═══ Record extracts ═══

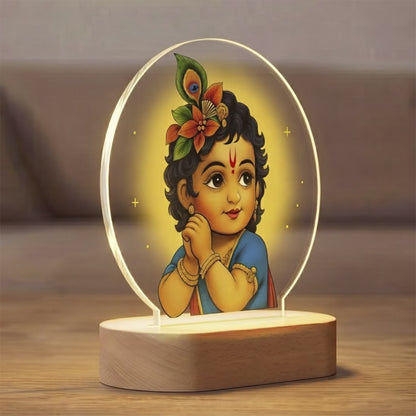 Bal Gopal Little Krishna acrylic LED night lamp with rechargeable wireless wooden base – Janmashtami gift by Fashionury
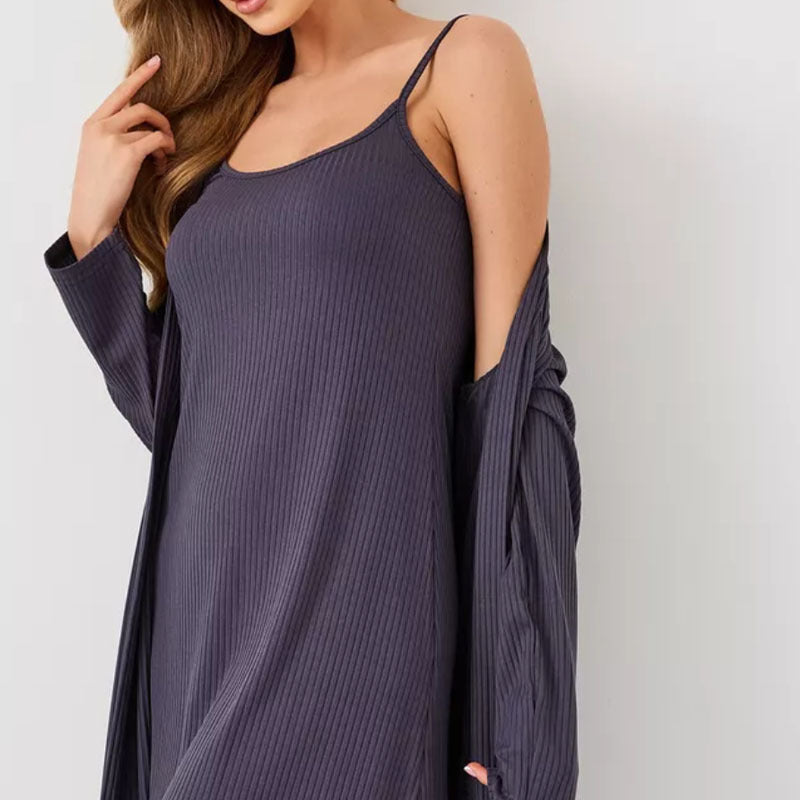 Damrock – Avslappnad Passform – Ribbstickad – Öppen Front – Loungewear-Lagerplagg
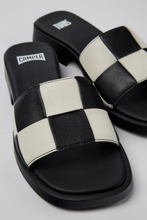 Load image into Gallery viewer, Camper Twins Multicoloured Leather Slide Black/White
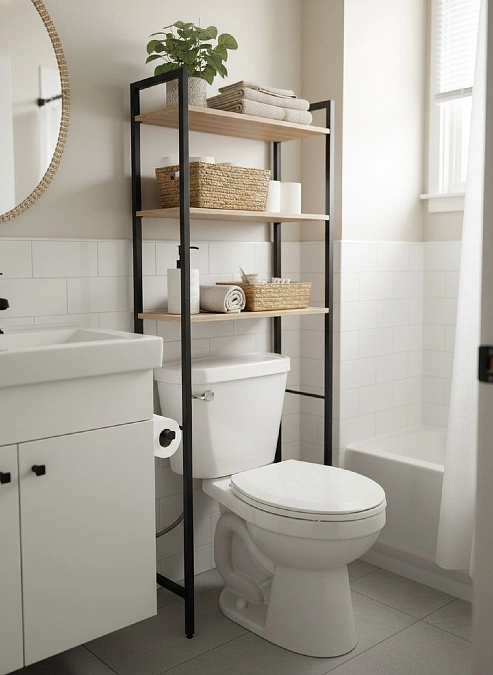 Light Wood Over-Toilet Shelves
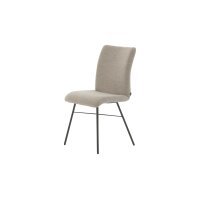 Interliving Esszimmer Serie 5115 - Vierfußstuhl mit kuscheligem Bezug naturweißer Bezug Alpine 01 & anthrazitfarbenes Metall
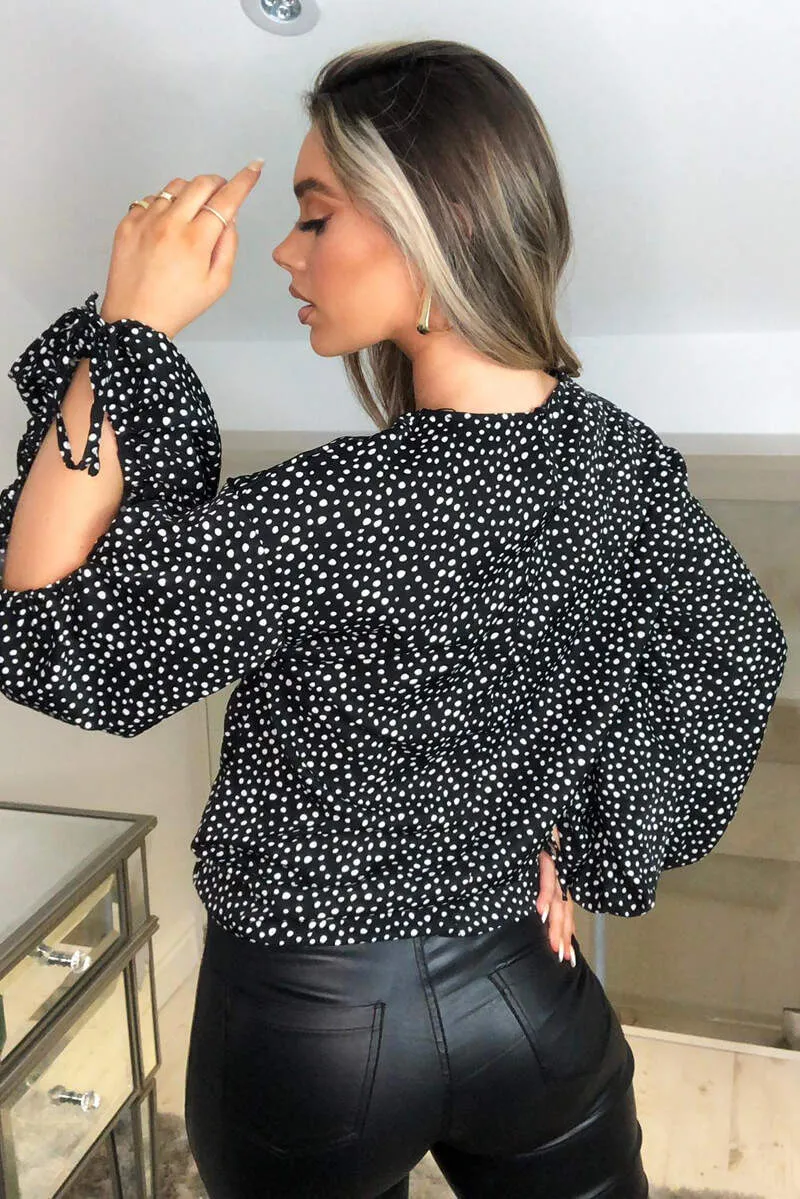Black Spotty Gathered Split Sleeve Blouse sold by AX Paris product image thumbnail 5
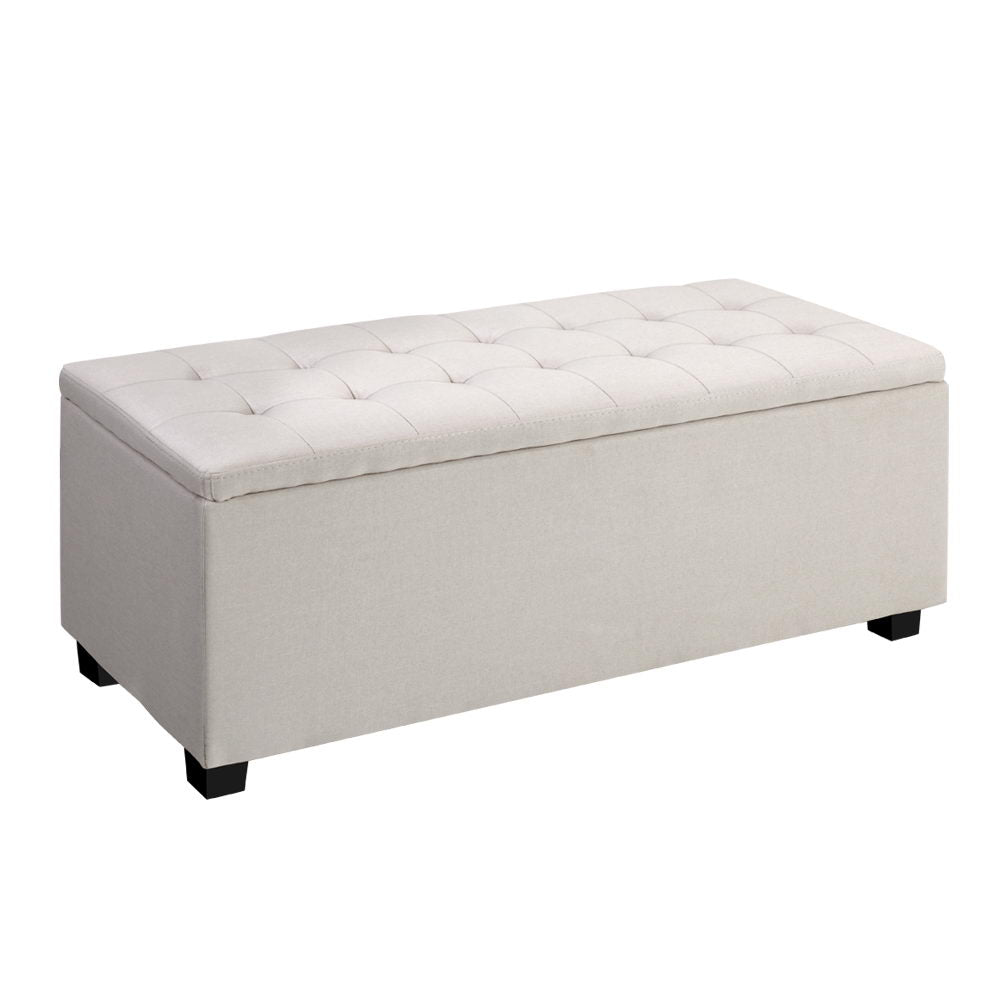 P&F SkyWay Large Fabric Storage Ottoman - Beige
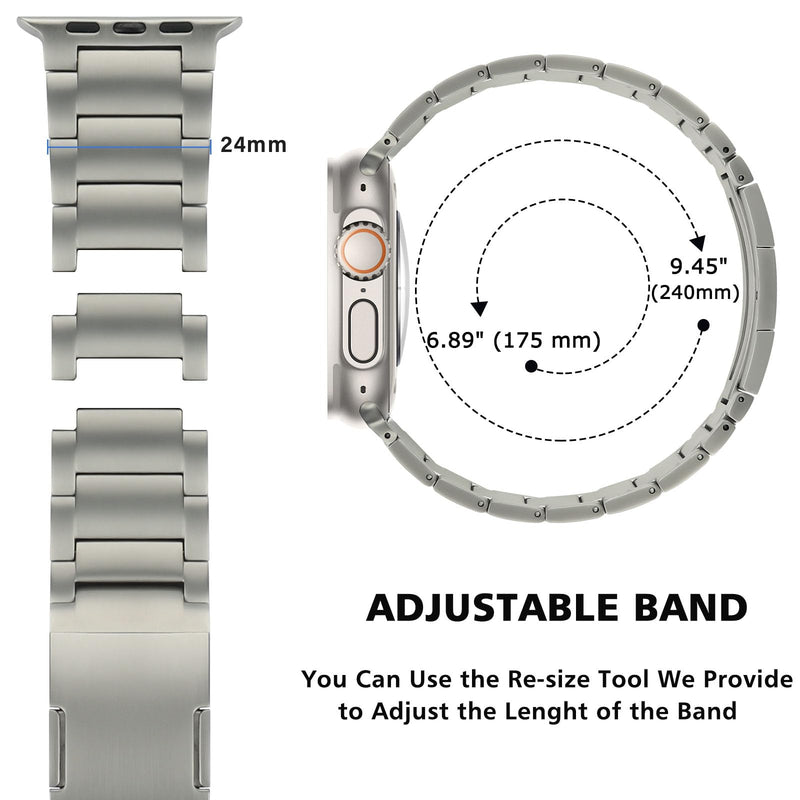 HITZEE Premium Titanium Band Compatible with Apple Watch Band 49/46(S11/10)/45/44/42mm, Comfortable Ti Band for Men for Apple Watch Ultra 3/2/1 49mm SE3 Series 11 10 9 8 7 6 5 4 3 2 1, Titanium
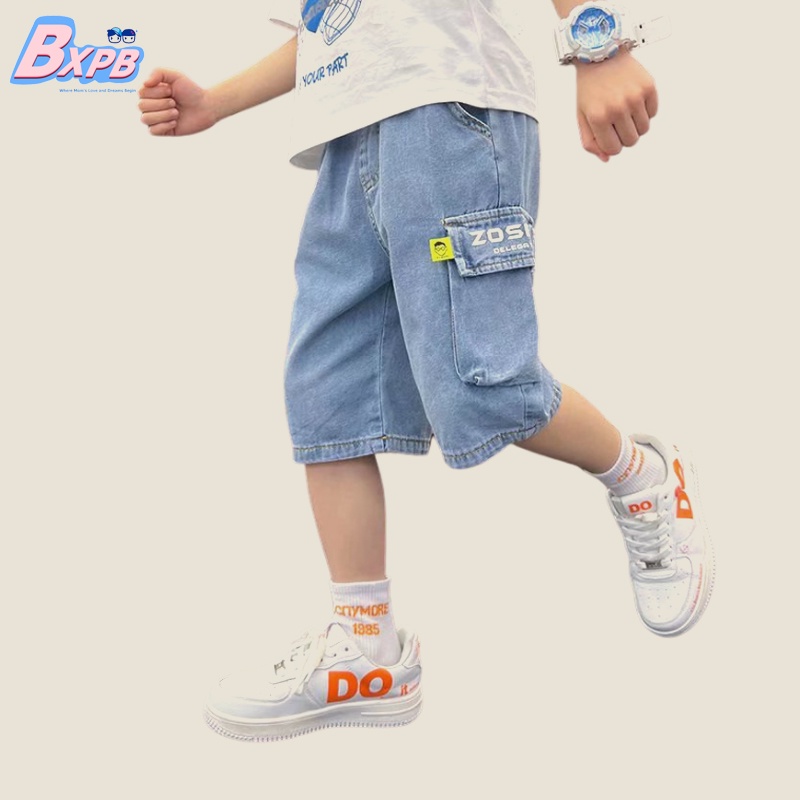 【BXPB】Quần Short Denim Ống Rộng Nhiều Túi Phong Cách Hàn Quốc Thời Trang Mùa Hè Dành Cho Bé Trai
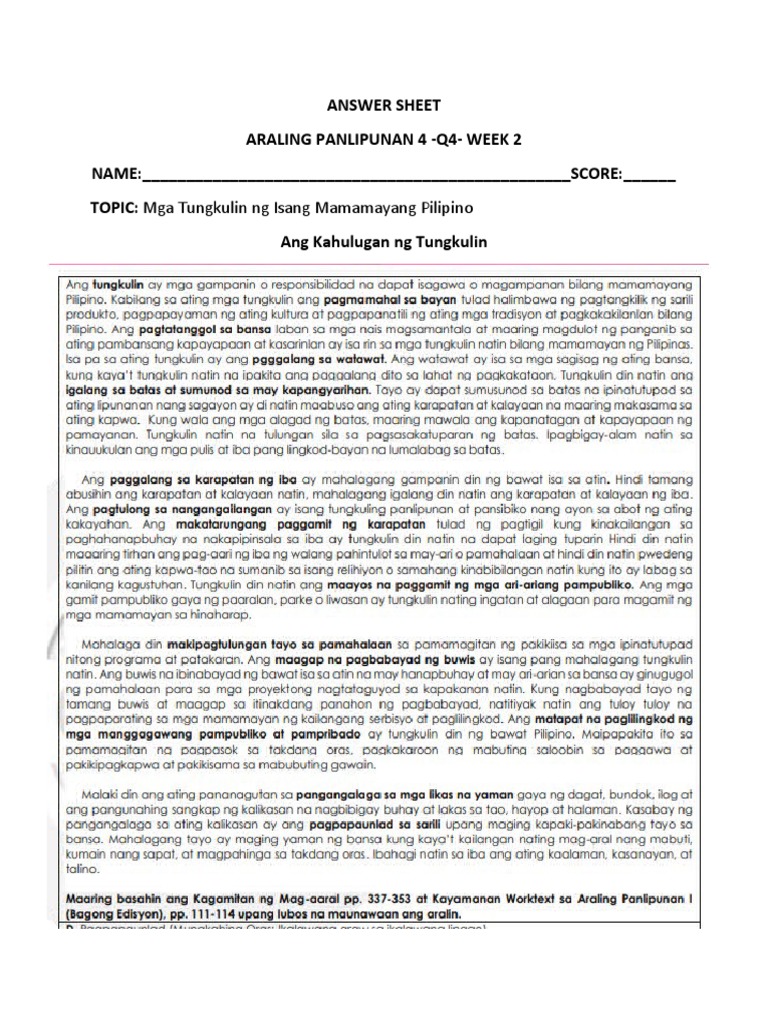 Quarter 4 Week 2 GR 4 | PDF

═══

* _Exercise prompt_: Excluding all images, transcribe the material word for word.

* _Response below_:
 Bal Gopal Little Krishna acrylic LED night lamp with rechargeable wireless wooden base – Janmashtami gift by Fashionury
 Damrock – Avslappnad Passform – Ribbstickad – Öppen Front – Loungewear-Lagerplagg
 Load image into Gallery viewer, Camper Twins Multicoloured Leather Slide Black/White
 Light Wood Over-Toilet Shelves
 Interliving Esszimmer Serie 5115 - Vierfußstuhl mit kuscheligem Bezug naturweißer Bezug Alpine 01 & anthrazitfarbenes Metall
Black Spotty Gathered Split Sleeve Blouse sold by AX Paris product image thumbnail 5
 P&F SkyWay Large Fabric Storage Ottoman - Beige
 HITZEE Premium Titanium Band Compatible with Apple Watch Band 49/46(S11/10)/45/44/42mm, Comfortable Ti Band for Men for Apple Watch Ultra 3/2/1 49mm SE3 Series 11 10 9 8 7 6 5 4 3 2 1, Titanium
 【BXPB】Quần Short Denim Ống Rộng Nhiều Túi Phong Cách Hàn Quốc Thời Trang Mùa Hè Dành Cho Bé Trai
 Quarter 4 Week 2 GR 4 | PDF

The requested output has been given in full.